In 2020, the offense set a franchise record for most points scored (459 points). Despite a torrid start to the season which saw career highs for quarterback Russell Wilson in touchdowns and completion percentage, Seattle's offense struggled considerably during the final weeks, with Schottenheimer taking the brunt of the scrutiny due to lack of creativity in the offense and adjustments to the scheme. On January 12, 2021, Schottenheimer was fired by the Seahawks following the Seahawks' Wild Card loss to the Los Angeles Rams due to "philosophical differences".

Three players made an All-Pro team during his tenure, quarterback Russell Wilson, offensive tackle Duane Brown and wide receiver DK Metcalf.

===Jacksonville Jaguars===
On February 1, 2021, Schottenheimer was hired by the Jacksonville Jaguars as their passing game coordinator under head coach Urban Meyer. He was in charge of calling the offensive plays for the final four games of the season, after Meyer was fired.

On February 8, 2022, upon the Jaguars hiring of Doug Pederson as the new head coach, Schottenheimer was not retained on the coaching staff.

=== Dallas Cowboys ===
On March 24, 2022, Schottenheimer was hired by the Dallas Cowboys as a consultant. He worked mostly with defensive coordinator Dan Quinn, providing analysis of opposing teams offenses.

On February 4, 2023, after Kellen Moore left to join the Los Angeles Chargers staff, Schottenheimer was promoted to offensive coordinator, with head coach Mike McCarthy taking over the play-calling responsibility.
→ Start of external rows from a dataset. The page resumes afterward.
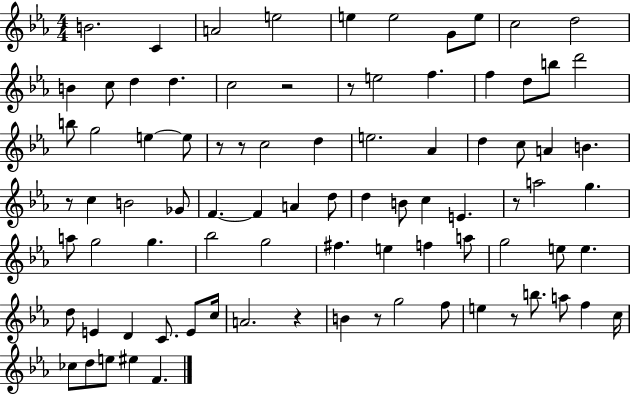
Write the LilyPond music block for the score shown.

{
  \clef treble
  \numericTimeSignature
  \time 4/4
  \key ees \major
  \repeat volta 2 { b'2. c'4 | a'2 e''2 | e''4 e''2 g'8 e''8 | c''2 d''2 | \break b'4 c''8 d''4 d''4. | c''2 r2 | r8 e''2 f''4. | f''4 d''8 b''8 d'''2 | \break b''8 g''2 e''4~~ e''8 | r8 r8 c''2 d''4 | e''2. aes'4 | d''4 c''8 a'4 b'4. | \break r8 c''4 b'2 ges'8 | f'4.~~ f'4 a'4 d''8 | d''4 b'8 c''4 e'4. | r8 a''2 g''4. | \break a''8 g''2 g''4. | bes''2 g''2 | fis''4. e''4 f''4 a''8 | g''2 e''8 e''4. | \break d''8 e'4 d'4 c'8. e'8 c''16 | a'2. r4 | b'4 r8 g''2 f''8 | e''4 r8 b''8. a''8 f''4 c''16 | \break ces''8 d''8 e''8 eis''4 f'4. | } \bar "|."
}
The team scored 30 or more points in seven of their final 11 games, while finishing with the highest-ranking scoring offense in the league (29.9 points per game) and fifth in yards (371.6 yards per game).
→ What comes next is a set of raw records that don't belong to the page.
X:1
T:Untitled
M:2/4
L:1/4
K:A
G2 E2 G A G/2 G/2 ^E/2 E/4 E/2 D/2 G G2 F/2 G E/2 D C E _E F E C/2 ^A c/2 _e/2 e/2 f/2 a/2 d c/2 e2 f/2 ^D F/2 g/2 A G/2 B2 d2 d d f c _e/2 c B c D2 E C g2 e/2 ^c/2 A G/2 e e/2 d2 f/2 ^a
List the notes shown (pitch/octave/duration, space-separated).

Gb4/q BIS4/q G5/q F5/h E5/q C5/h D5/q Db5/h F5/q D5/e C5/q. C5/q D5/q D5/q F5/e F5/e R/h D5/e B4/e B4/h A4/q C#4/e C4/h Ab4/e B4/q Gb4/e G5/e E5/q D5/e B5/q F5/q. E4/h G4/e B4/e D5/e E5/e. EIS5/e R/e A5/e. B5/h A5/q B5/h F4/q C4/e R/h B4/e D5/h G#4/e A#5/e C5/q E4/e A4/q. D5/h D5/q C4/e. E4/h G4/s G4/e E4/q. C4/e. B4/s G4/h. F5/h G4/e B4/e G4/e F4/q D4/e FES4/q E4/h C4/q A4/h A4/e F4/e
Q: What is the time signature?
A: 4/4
In 2024, the offense regressed, averaging 327.5 yards, 20.6 points, and scoring 30 or more points in just three games. Part of the issue was the season-ending injury to starting quarterback Dak Prescott.

On January 24, 2025, a couple of weeks after McCarthy and the Cowboys decided not to renew McCarthy's contract, Schottenheimer was promoted to head coach. Schottenheimer's decision came as a surprise, as he was not known to be in consideration over more qualified candidates, until he became a betting favorite to be the team's next head coach on January 20, and after it was confirmed that his first official interview took place on January 21. It was reported in the media that one of Schottenheimer's supporters was Prescott.
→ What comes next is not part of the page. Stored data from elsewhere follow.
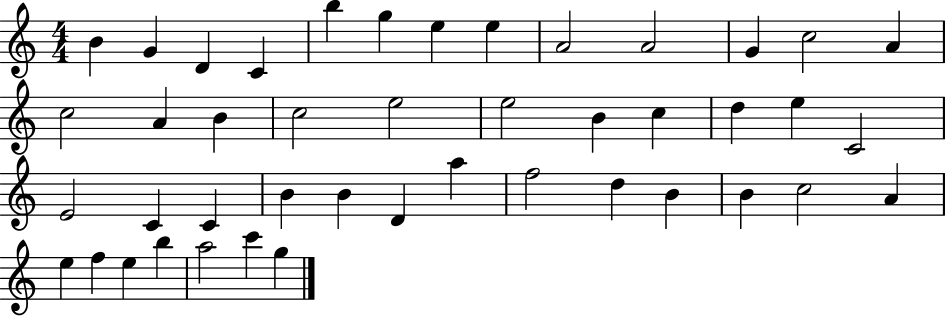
B4/q G4/q D4/q C4/q B5/q G5/q E5/q E5/q A4/h A4/h G4/q C5/h A4/q C5/h A4/q B4/q C5/h E5/h E5/h B4/q C5/q D5/q E5/q C4/h E4/h C4/q C4/q B4/q B4/q D4/q A5/q F5/h D5/q B4/q B4/q C5/h A4/q E5/q F5/q E5/q B5/q A5/h C6/q G5/q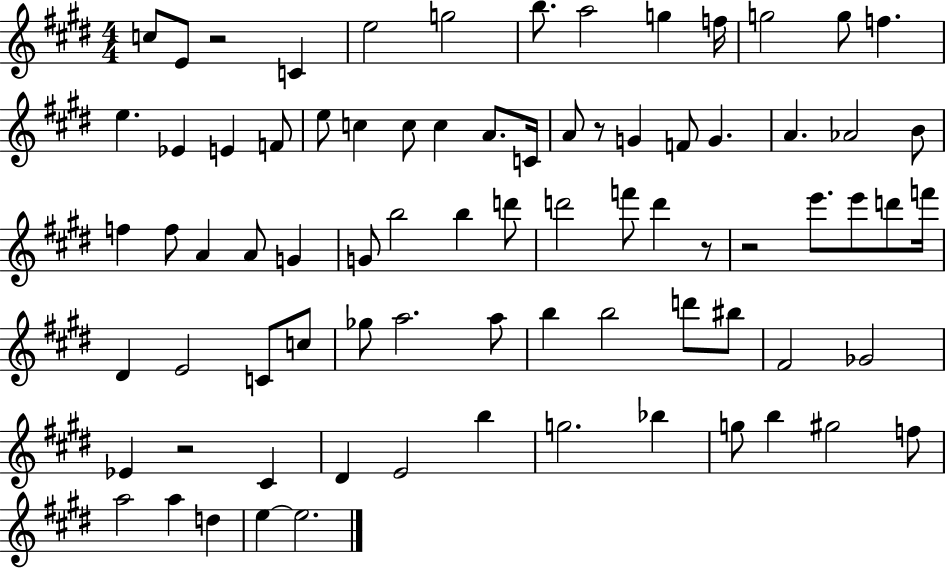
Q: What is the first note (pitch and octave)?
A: C5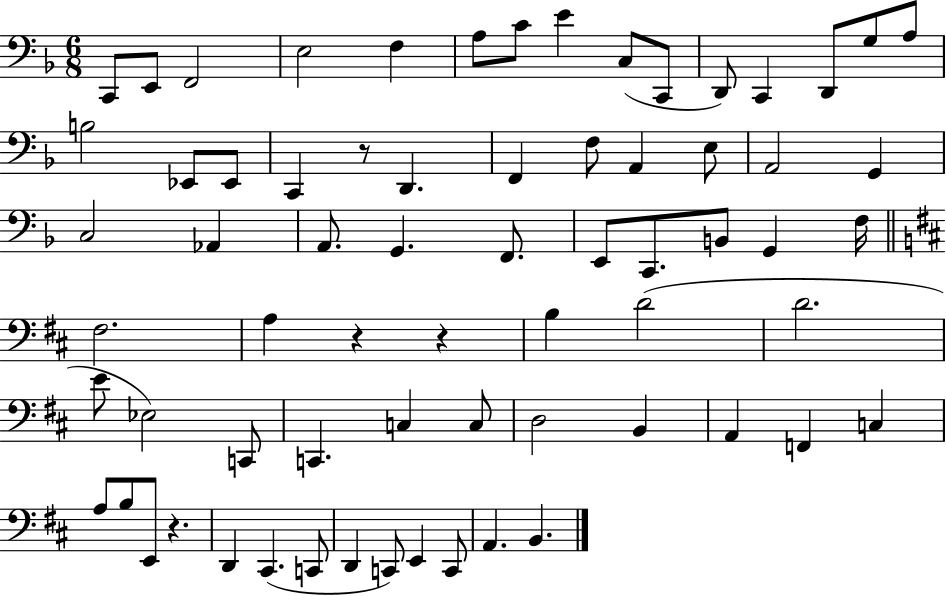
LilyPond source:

{
  \clef bass
  \numericTimeSignature
  \time 6/8
  \key f \major
  c,8 e,8 f,2 | e2 f4 | a8 c'8 e'4 c8( c,8 | d,8) c,4 d,8 g8 a8 | \break b2 ees,8 ees,8 | c,4 r8 d,4. | f,4 f8 a,4 e8 | a,2 g,4 | \break c2 aes,4 | a,8. g,4. f,8. | e,8 c,8. b,8 g,4 f16 | \bar "||" \break \key b \minor fis2. | a4 r4 r4 | b4 d'2( | d'2. | \break e'8 ees2) c,8 | c,4. c4 c8 | d2 b,4 | a,4 f,4 c4 | \break a8 b8 e,8 r4. | d,4 cis,4.( c,8 | d,4 c,8) e,4 c,8 | a,4. b,4. | \break \bar "|."
}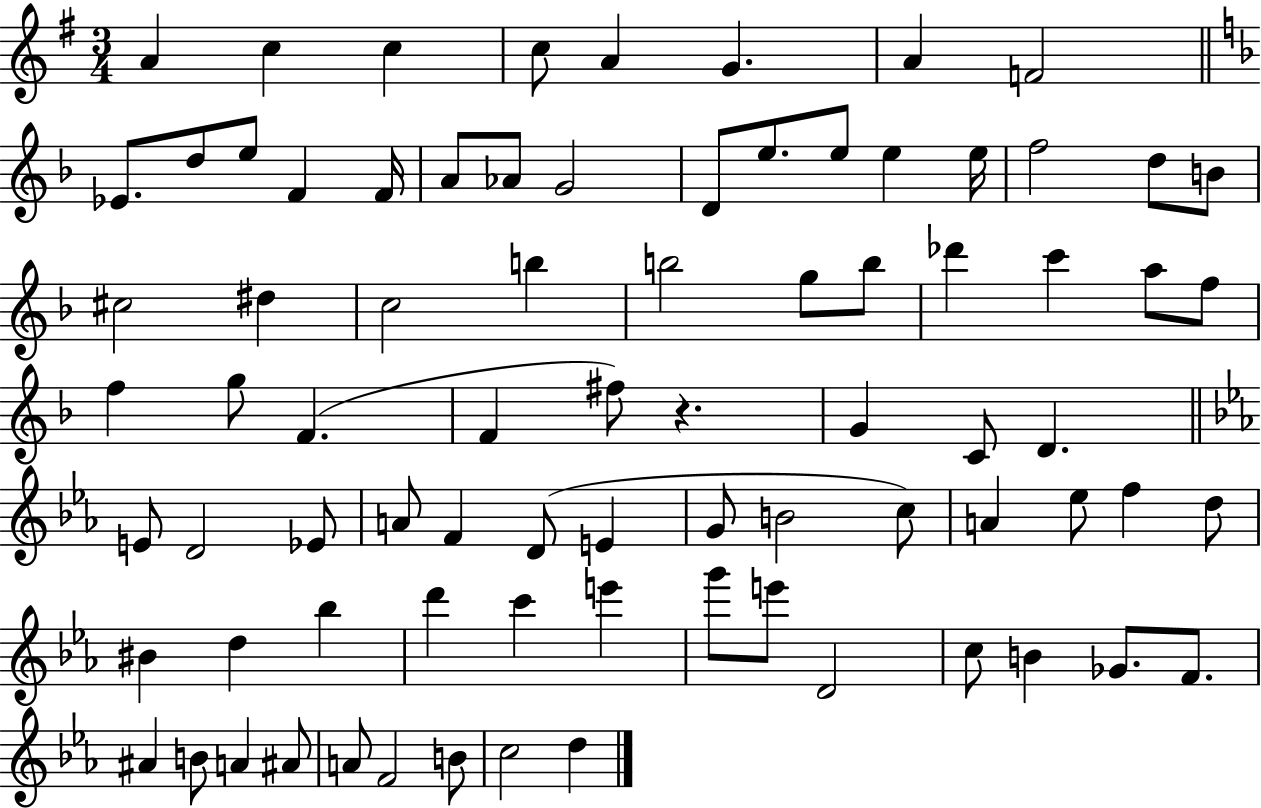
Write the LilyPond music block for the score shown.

{
  \clef treble
  \numericTimeSignature
  \time 3/4
  \key g \major
  a'4 c''4 c''4 | c''8 a'4 g'4. | a'4 f'2 | \bar "||" \break \key d \minor ees'8. d''8 e''8 f'4 f'16 | a'8 aes'8 g'2 | d'8 e''8. e''8 e''4 e''16 | f''2 d''8 b'8 | \break cis''2 dis''4 | c''2 b''4 | b''2 g''8 b''8 | des'''4 c'''4 a''8 f''8 | \break f''4 g''8 f'4.( | f'4 fis''8) r4. | g'4 c'8 d'4. | \bar "||" \break \key c \minor e'8 d'2 ees'8 | a'8 f'4 d'8( e'4 | g'8 b'2 c''8) | a'4 ees''8 f''4 d''8 | \break bis'4 d''4 bes''4 | d'''4 c'''4 e'''4 | g'''8 e'''8 d'2 | c''8 b'4 ges'8. f'8. | \break ais'4 b'8 a'4 ais'8 | a'8 f'2 b'8 | c''2 d''4 | \bar "|."
}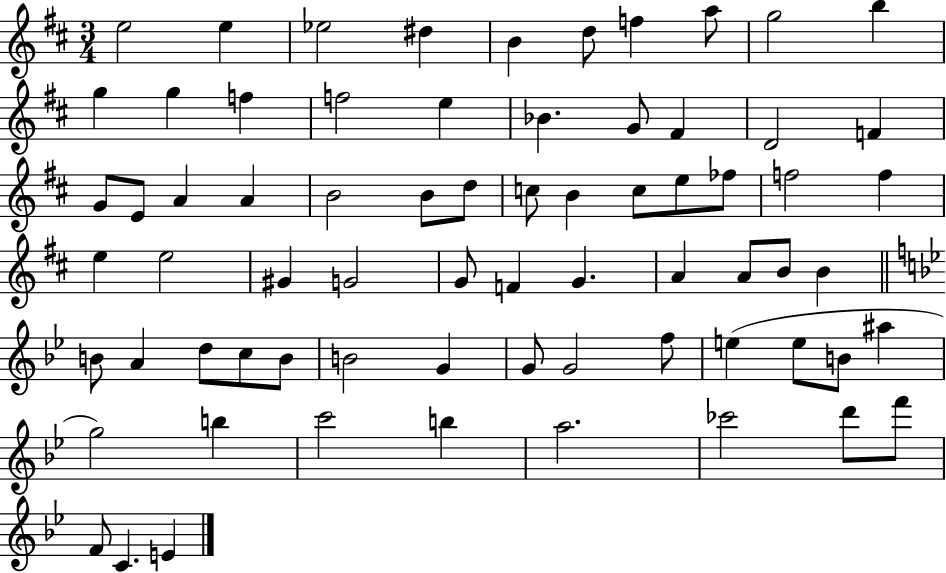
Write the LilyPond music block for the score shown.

{
  \clef treble
  \numericTimeSignature
  \time 3/4
  \key d \major
  \repeat volta 2 { e''2 e''4 | ees''2 dis''4 | b'4 d''8 f''4 a''8 | g''2 b''4 | \break g''4 g''4 f''4 | f''2 e''4 | bes'4. g'8 fis'4 | d'2 f'4 | \break g'8 e'8 a'4 a'4 | b'2 b'8 d''8 | c''8 b'4 c''8 e''8 fes''8 | f''2 f''4 | \break e''4 e''2 | gis'4 g'2 | g'8 f'4 g'4. | a'4 a'8 b'8 b'4 | \break \bar "||" \break \key bes \major b'8 a'4 d''8 c''8 b'8 | b'2 g'4 | g'8 g'2 f''8 | e''4( e''8 b'8 ais''4 | \break g''2) b''4 | c'''2 b''4 | a''2. | ces'''2 d'''8 f'''8 | \break f'8 c'4. e'4 | } \bar "|."
}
In his first season as Cowboys' head coach, Schottenheimer finished with a 7–9–1 record and missed the postseason.

==Head coaching record==

| Team | Year | Regular season |  |  |  |  | Postseason |  |  |  |
| Won | Lost | Ties | Win % | Finish | Won | Lost | Win % | Result |
| DAL | 2025 | 7 | 9 | 1 | .441 | 2nd in NFC East | — | — | — | — |
| DAL | 2026 | 1 | 1 | 0 | .500 |  | — | — | — | — |
| Total |  | 8 | 10 | 1 | .447 |  | — | — | — |  |

==Personal life==
Schottenheimer is the son of Marty Schottenheimer, who had been the head coach of the Cleveland Browns, Washington Redskins, San Diego Chargers, and Kansas City Chiefs. Brian's uncle, Kurt Schottenheimer, was also the defensive backs coach and defensive coordinator for the Chiefs. In addition to coaching, Schottenheimer is a frequent contributor to The 33rd Team, which describes itself as a "football Think Tank."

In August 2025, Schottenheimer revealed that he had been diagnosed with thyroid cancer in 2002, at the age of 28, while serving as an Quarterbacks coach for the San Diego Chargers. He underwent surgery to remove his thyroid and 17 lymph nodes following a referral from Dan Snyder, and has since fully recovered.